**WORK TO BE COMPLETED:** Nothing but the lines below from the one with "Dive Rite Diving" through the one with "TWOWYHI 228PCS Orange" should be output, each exactly as given, and no pictures.

[Excerpts from a dataset]
[Start of Attachment]

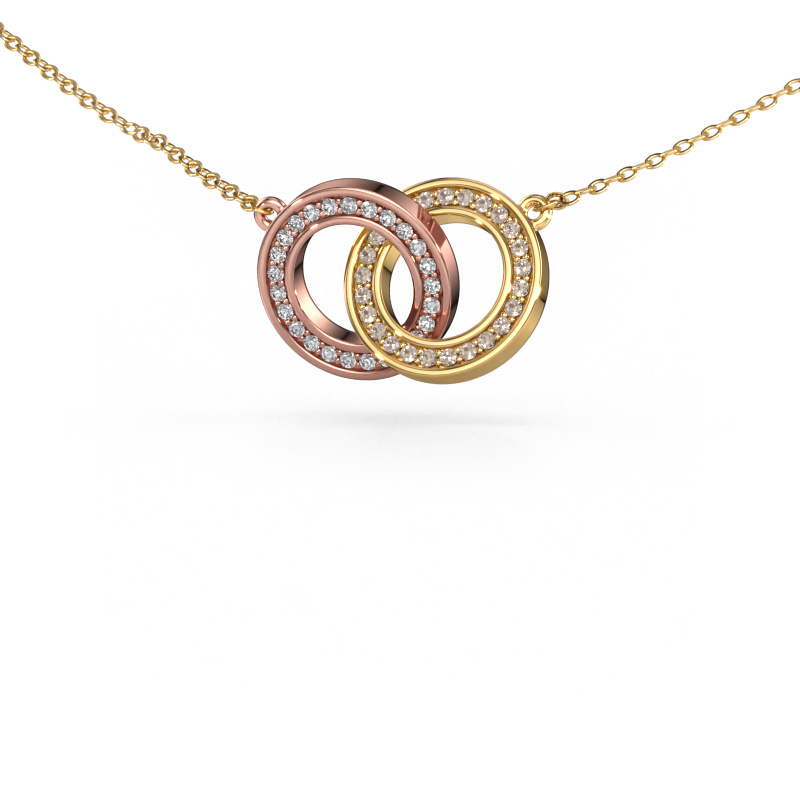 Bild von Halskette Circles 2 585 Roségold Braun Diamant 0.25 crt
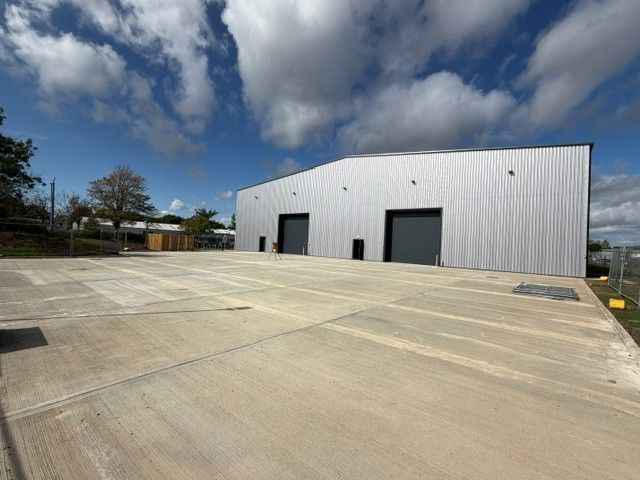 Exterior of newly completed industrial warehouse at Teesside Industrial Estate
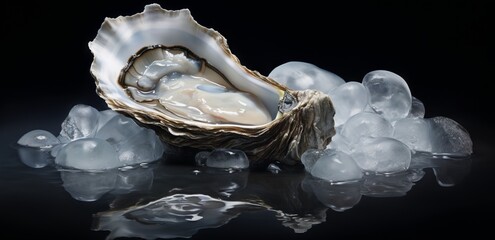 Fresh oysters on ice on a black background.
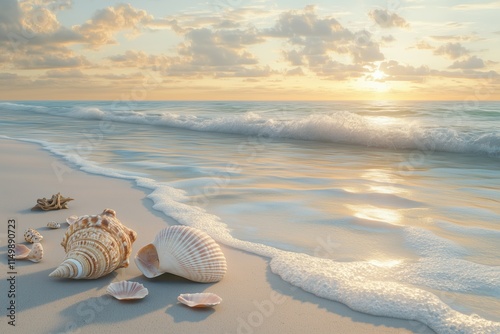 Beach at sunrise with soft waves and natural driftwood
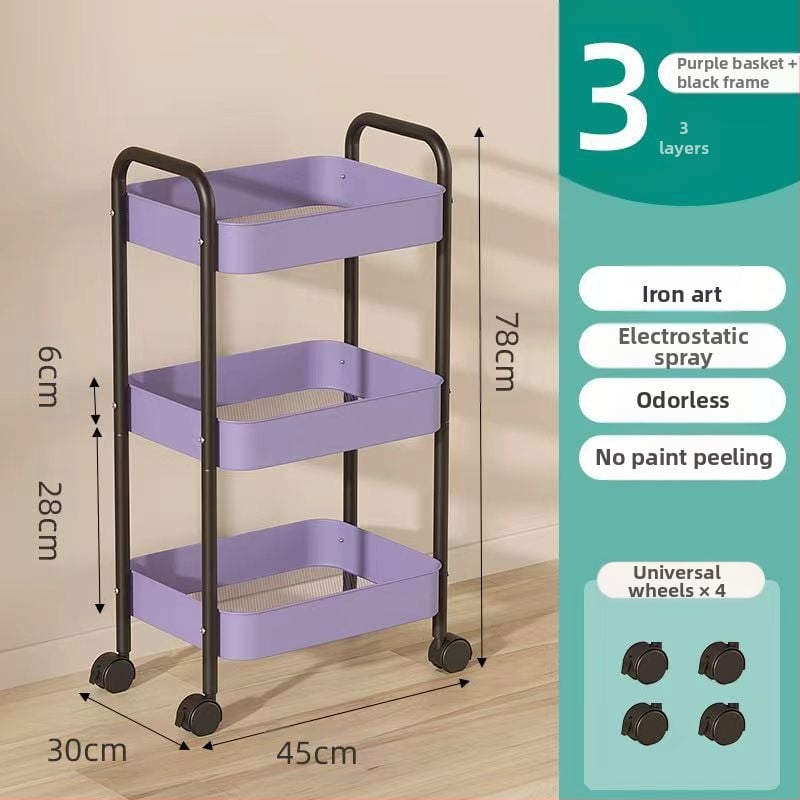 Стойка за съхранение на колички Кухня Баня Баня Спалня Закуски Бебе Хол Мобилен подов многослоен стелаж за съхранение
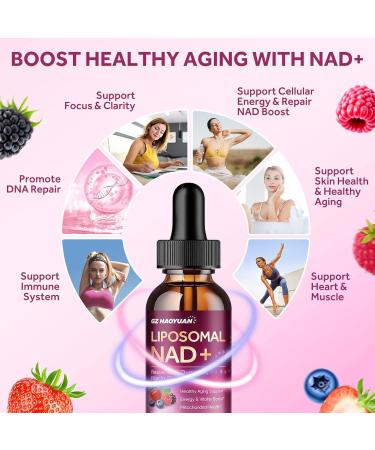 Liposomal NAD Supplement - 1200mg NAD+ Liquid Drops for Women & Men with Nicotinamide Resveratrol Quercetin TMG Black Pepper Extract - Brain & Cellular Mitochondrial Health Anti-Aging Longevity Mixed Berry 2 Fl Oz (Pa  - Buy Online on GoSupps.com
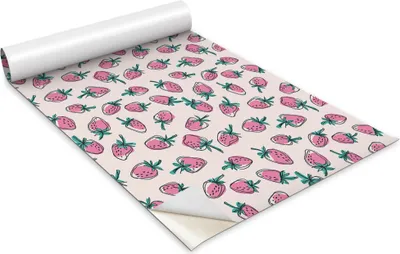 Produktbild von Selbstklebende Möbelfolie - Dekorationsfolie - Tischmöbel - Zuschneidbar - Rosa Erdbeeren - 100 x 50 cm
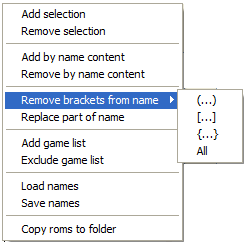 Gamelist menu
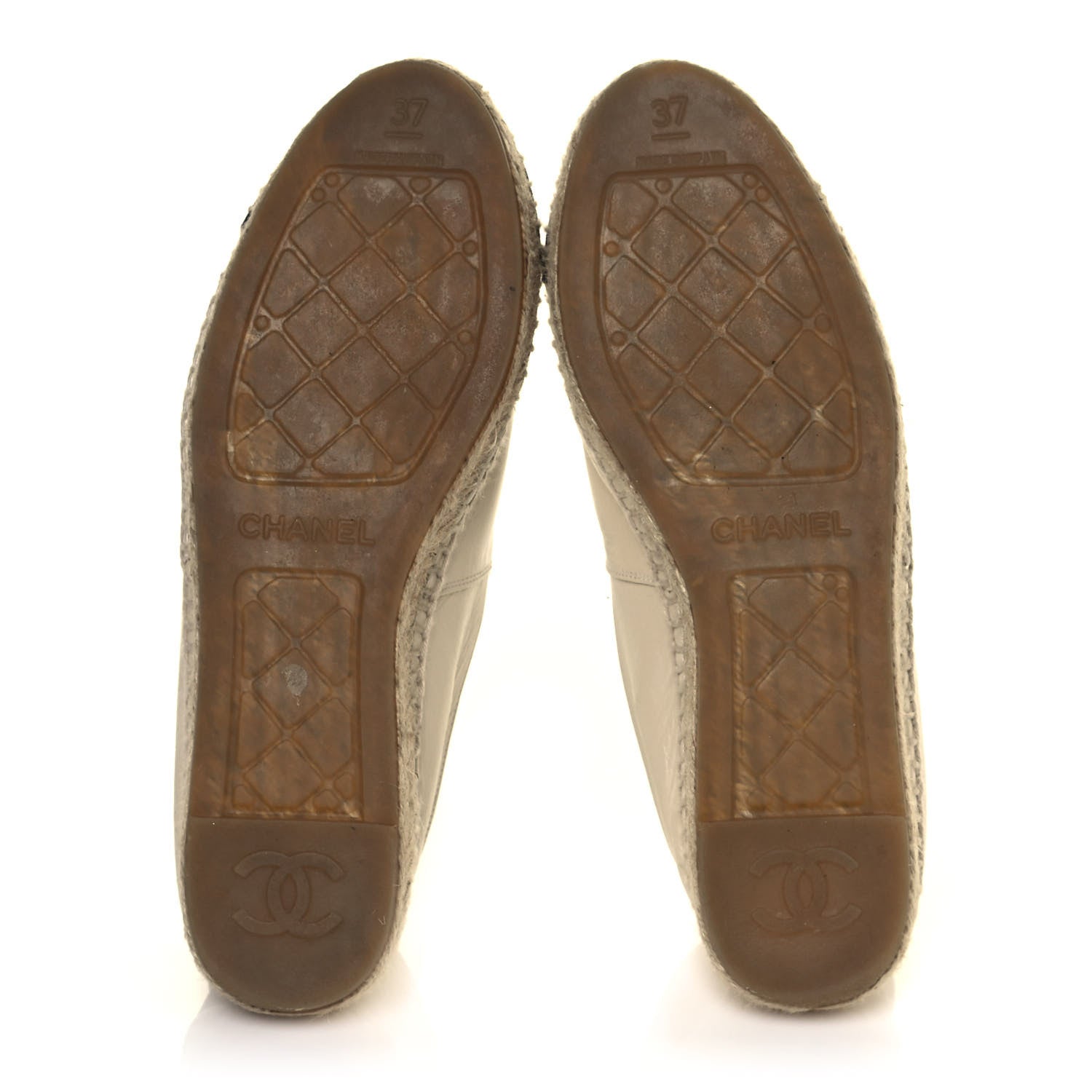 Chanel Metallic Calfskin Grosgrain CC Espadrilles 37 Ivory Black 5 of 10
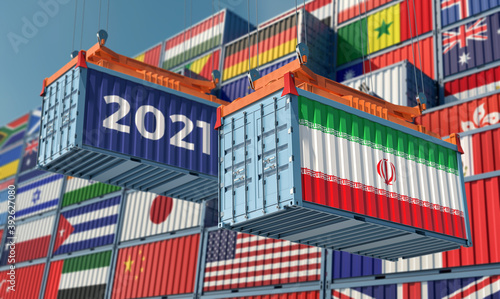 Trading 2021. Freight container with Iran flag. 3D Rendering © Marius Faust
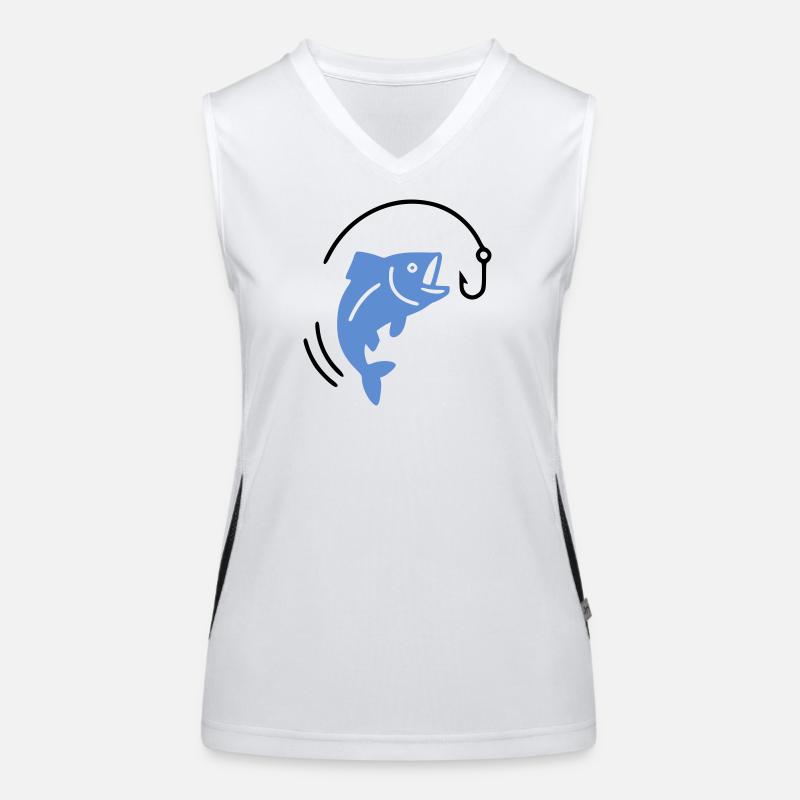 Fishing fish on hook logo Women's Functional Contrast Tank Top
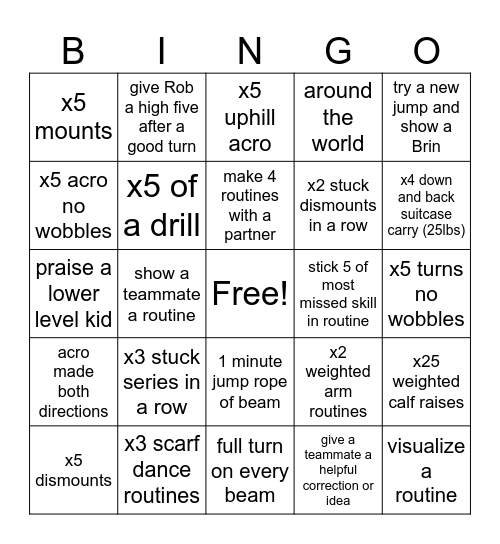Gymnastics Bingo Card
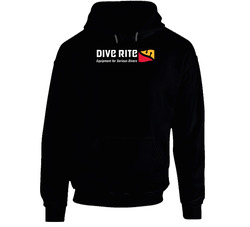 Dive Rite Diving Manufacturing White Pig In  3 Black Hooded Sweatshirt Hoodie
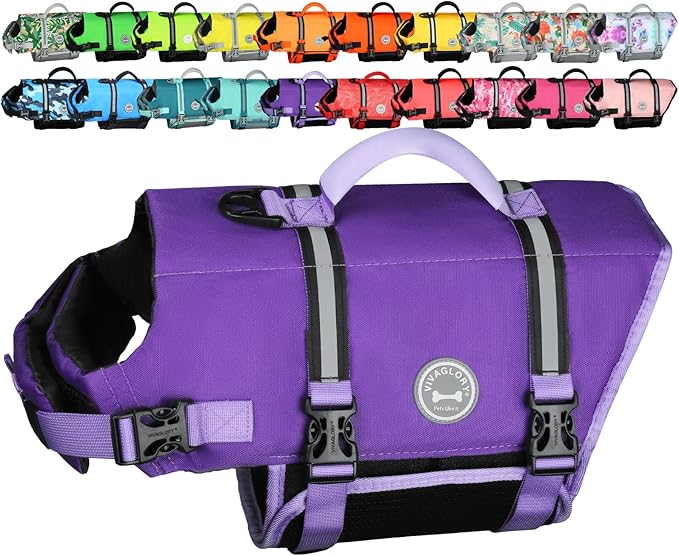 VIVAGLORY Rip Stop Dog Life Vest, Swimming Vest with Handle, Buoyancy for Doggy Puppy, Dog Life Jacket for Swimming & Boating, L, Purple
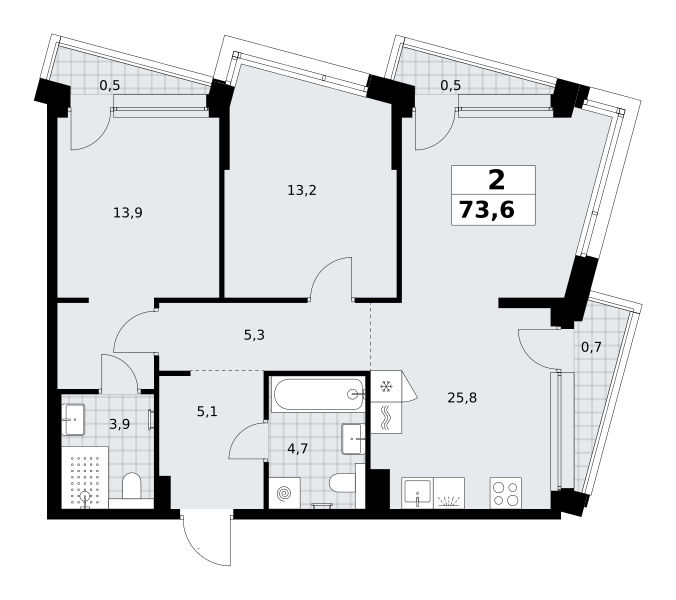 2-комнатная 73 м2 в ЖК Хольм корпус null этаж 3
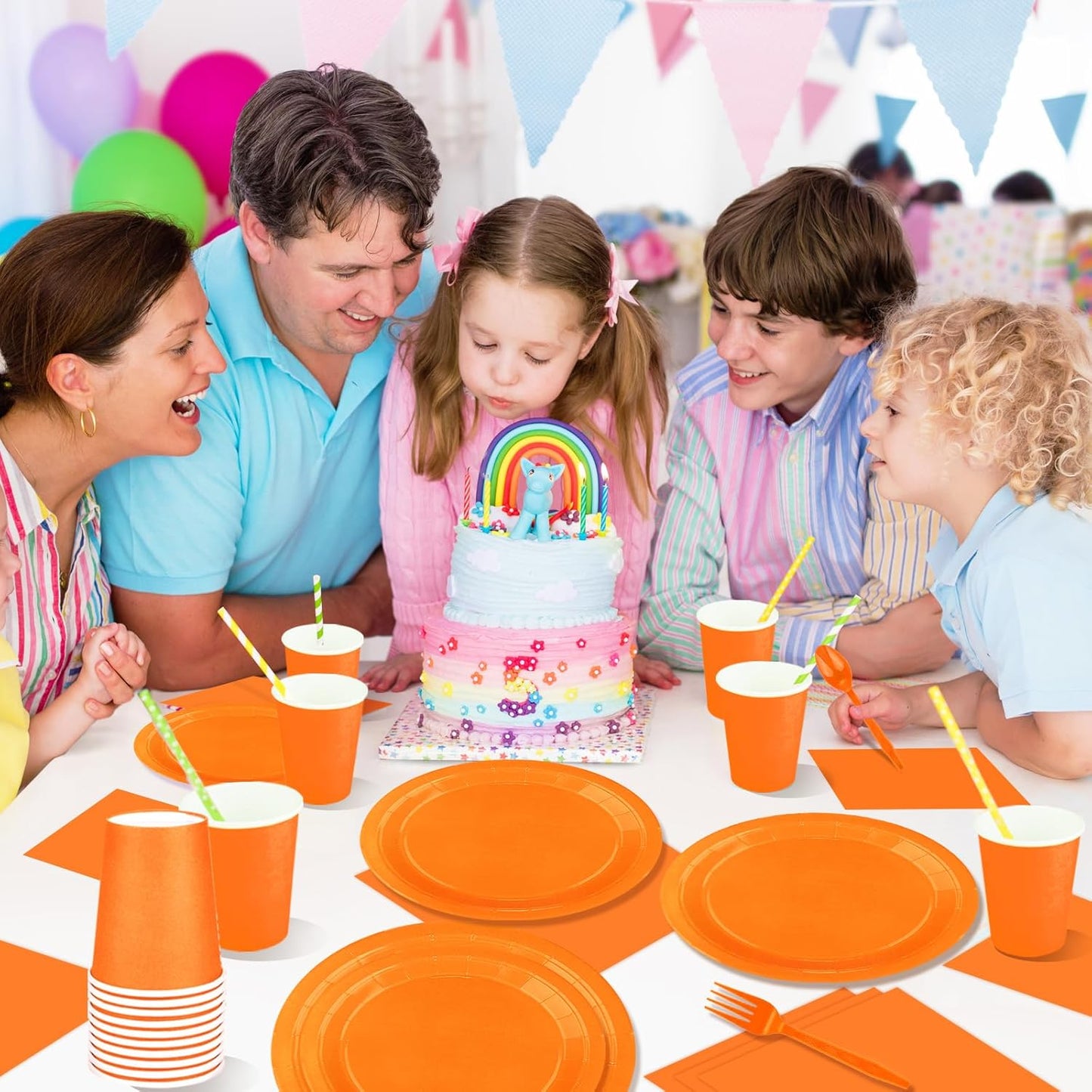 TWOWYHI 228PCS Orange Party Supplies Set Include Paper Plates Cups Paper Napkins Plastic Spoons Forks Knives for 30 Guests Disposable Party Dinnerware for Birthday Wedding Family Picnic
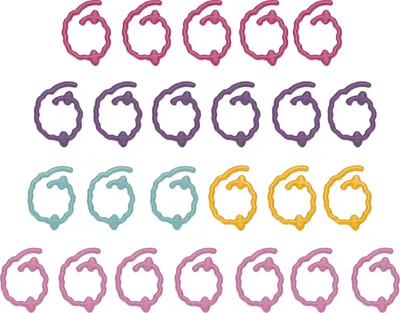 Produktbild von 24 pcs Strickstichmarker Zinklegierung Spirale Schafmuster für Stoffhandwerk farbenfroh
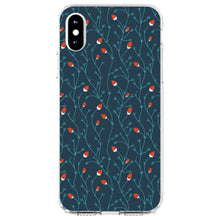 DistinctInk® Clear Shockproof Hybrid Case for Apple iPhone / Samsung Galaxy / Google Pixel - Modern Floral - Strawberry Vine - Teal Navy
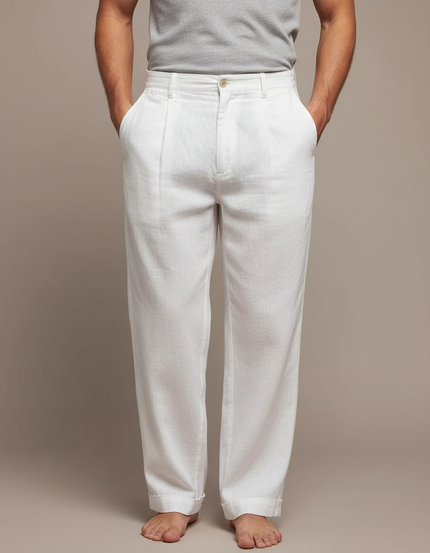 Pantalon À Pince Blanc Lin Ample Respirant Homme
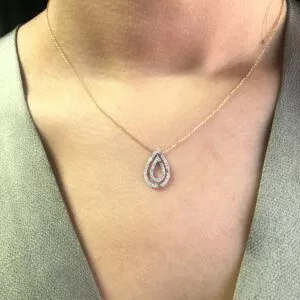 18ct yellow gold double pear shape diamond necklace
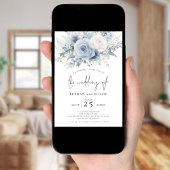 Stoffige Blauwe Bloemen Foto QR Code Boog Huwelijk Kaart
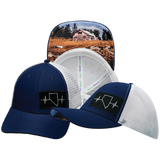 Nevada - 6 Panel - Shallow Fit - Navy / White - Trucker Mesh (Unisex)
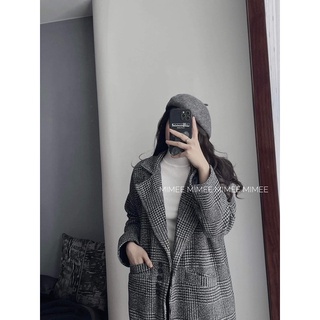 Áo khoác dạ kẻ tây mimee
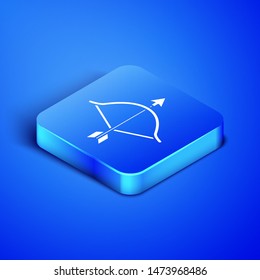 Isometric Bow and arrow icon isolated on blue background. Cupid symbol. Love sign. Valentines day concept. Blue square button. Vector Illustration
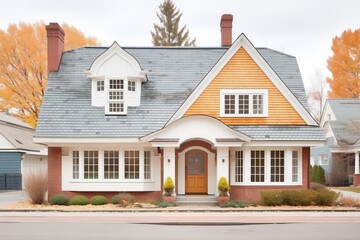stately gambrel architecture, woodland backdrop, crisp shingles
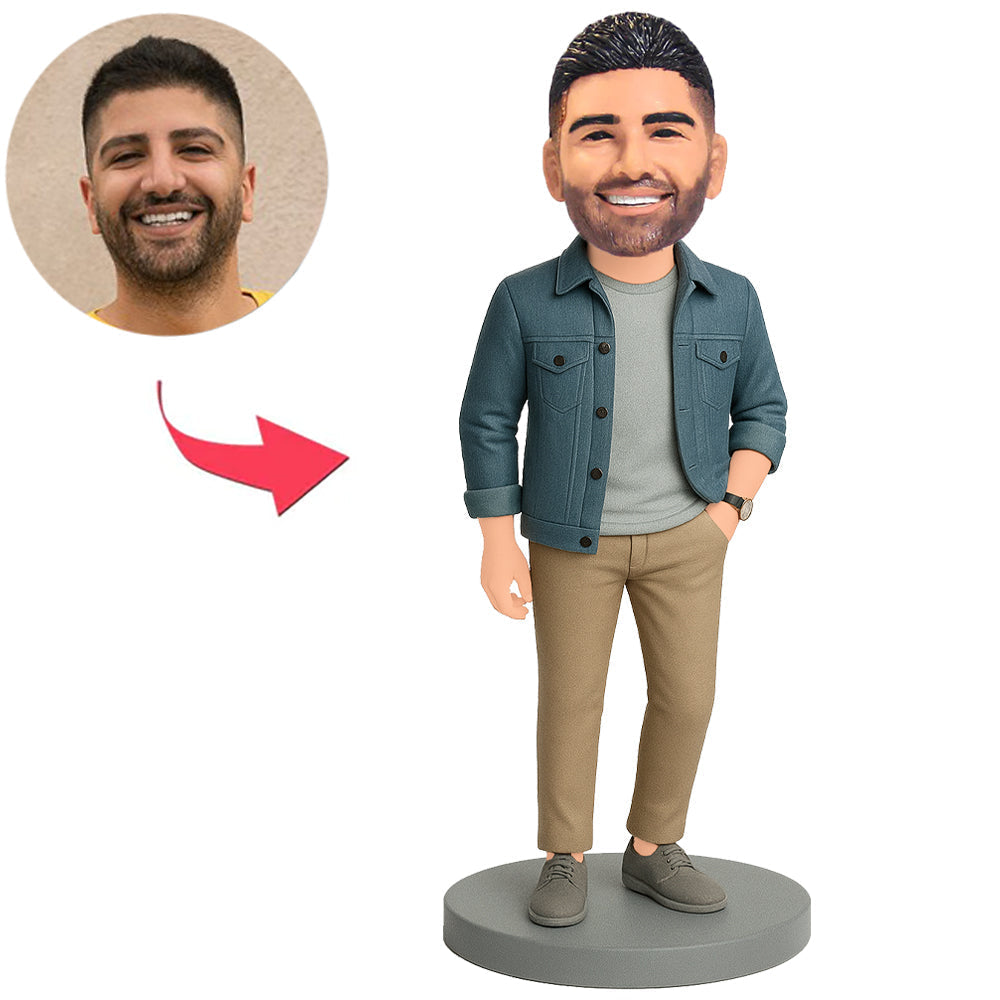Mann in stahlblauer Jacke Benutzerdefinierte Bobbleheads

[End of Attachment]

**YOUR RESPONSE:**
 Dive Rite Diving Manufacturing White Pig In  3 Black Hooded Sweatshirt Hoodie
 VIVAGLORY Rip Stop Dog Life Vest, Swimming Vest with Handle, Buoyancy for Doggy Puppy, Dog Life Jacket for Swimming & Boating, L, Purple
 2-комнатная 73 м2 в ЖК Хольм корпус null этаж 3
 TWOWYHI 228PCS Orange Party Supplies Set Include Paper Plates Cups Paper Napkins Plastic Spoons Forks Knives for 30 Guests Disposable Party Dinnerware for Birthday Wedding Family Picnic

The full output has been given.